Module: Parse::Retrieval::Chunker
- Defined in:
- lib/parse/retrieval/chunker.rb
Overview
Pluggable text-chunking strategies for the retrieval layer.
A chunker splits a source document's text into smaller, overlapping
windows for presentation. retrieve fetches the
top-k whole records via Atlas $vectorSearch, then runs each
record's text field through a chunker so callers get focused,
citable passages rather than whole documents.

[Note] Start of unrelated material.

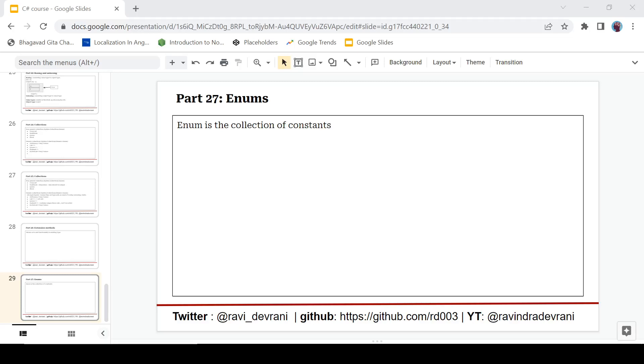Hey there everyone, it's Ravindra Devrani back with another video in C# tutorial series. Today we are going to discuss about enums in C#. If you find this video helpful, please hit that like button. If you haven't subscribed to this channel, hit that subscribe button also.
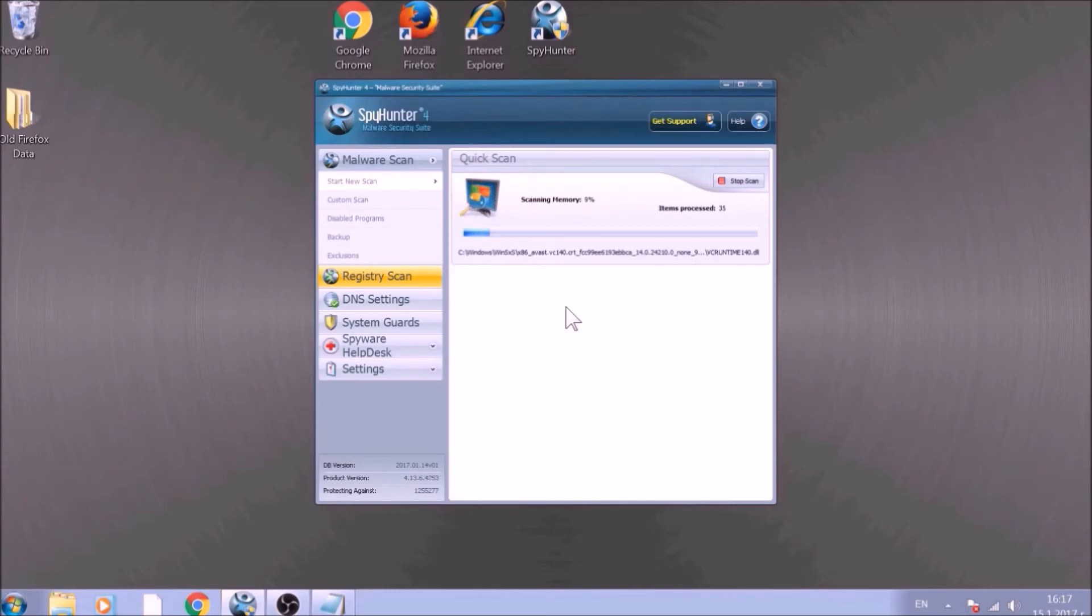And as always, make sure to like and subscribe if you want to show support. If you have any questions, leave us a comment down below.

== Presentation chunking, not embedding chunking
Embedding remains one-vector-per-record (see Core::EmbedManaged). Chunking here is purely a presentation step applied after retrieval: every chunk produced from a document inherits that document's single vector-search score. The chunker never calls an embedding provider.
== Extending
FixedSizeOverlap is the default and the only strategy shipped. Subclass Base for semantic, sentence-aware, or true token-aware chunking:
class SentenceChunker < Parse::Retrieval::Chunker::Base def chunk(text) normalize(text).split(/(?<=[.!?])\s+/) end end
Parse::Retrieval.retrieve( query: "onboarding steps", klass: KnowledgeArticle, chunker: SentenceChunker.new, )
Defined Under Namespace
Classes: Base, FixedSizeOverlap